• [Problem to work on]:
Which lines of the data hold the word "friends"? Copy all of them.

• [Dataset entries]:
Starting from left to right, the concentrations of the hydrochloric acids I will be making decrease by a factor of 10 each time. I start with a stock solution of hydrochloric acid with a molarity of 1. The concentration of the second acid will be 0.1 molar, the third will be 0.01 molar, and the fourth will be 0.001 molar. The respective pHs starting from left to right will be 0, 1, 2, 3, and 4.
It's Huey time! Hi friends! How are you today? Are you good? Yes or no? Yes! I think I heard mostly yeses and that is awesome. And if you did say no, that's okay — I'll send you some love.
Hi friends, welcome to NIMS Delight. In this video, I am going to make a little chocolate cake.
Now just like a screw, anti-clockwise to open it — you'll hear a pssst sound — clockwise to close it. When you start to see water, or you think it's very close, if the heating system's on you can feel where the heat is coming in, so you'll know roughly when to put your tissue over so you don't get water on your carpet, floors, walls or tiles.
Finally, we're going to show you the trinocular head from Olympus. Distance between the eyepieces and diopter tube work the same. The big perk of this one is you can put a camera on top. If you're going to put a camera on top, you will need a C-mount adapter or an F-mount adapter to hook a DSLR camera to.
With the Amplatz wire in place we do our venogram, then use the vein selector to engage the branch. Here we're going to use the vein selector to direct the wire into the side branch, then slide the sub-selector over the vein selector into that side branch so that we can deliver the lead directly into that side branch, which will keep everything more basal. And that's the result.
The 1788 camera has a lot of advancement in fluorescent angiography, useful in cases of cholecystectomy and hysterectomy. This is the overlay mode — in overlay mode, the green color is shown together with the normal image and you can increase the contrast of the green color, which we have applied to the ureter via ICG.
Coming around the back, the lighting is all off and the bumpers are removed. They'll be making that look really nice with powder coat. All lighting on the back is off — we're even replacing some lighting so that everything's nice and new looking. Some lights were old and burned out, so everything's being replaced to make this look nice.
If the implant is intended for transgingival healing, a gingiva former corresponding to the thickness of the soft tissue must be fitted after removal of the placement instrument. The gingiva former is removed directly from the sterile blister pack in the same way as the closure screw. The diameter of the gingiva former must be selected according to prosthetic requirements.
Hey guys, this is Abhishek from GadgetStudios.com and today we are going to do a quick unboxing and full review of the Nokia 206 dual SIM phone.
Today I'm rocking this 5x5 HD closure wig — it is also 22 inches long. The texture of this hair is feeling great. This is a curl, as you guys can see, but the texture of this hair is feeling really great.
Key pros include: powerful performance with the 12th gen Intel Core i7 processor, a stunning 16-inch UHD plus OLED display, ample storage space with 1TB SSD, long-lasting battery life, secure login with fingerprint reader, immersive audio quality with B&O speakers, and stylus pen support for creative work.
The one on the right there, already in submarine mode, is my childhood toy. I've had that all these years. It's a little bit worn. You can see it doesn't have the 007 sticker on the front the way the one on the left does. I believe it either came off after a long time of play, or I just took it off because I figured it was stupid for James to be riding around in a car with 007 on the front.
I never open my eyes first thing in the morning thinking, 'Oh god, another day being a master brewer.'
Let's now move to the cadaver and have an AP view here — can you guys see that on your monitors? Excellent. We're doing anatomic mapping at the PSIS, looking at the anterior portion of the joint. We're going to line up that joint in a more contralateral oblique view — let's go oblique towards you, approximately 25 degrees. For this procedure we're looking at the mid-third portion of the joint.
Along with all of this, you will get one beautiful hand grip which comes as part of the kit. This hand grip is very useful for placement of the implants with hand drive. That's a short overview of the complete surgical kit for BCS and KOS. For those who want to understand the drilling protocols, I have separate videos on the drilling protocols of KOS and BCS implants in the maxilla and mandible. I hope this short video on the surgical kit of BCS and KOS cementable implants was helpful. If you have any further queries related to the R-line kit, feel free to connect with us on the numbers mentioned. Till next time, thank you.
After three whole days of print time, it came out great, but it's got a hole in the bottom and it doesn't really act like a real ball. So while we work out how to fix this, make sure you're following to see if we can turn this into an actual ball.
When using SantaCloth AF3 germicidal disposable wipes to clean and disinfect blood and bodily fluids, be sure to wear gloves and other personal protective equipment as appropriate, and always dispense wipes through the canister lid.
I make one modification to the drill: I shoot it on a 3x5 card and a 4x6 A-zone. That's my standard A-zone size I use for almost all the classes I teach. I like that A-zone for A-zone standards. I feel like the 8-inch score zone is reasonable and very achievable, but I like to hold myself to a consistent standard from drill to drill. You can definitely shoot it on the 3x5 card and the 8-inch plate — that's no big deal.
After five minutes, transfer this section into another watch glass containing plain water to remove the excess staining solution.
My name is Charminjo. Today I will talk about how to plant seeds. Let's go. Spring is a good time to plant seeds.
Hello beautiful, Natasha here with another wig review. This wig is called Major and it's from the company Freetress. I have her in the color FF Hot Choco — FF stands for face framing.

• [Response below]:
It's Huey time! Hi friends! How are you today? Are you good? Yes or no? Yes! I think I heard mostly yeses and that is awesome. And if you did say no, that's okay — I'll send you some love.
Hi friends, welcome to NIMS Delight. In this video, I am going to make a little chocolate cake.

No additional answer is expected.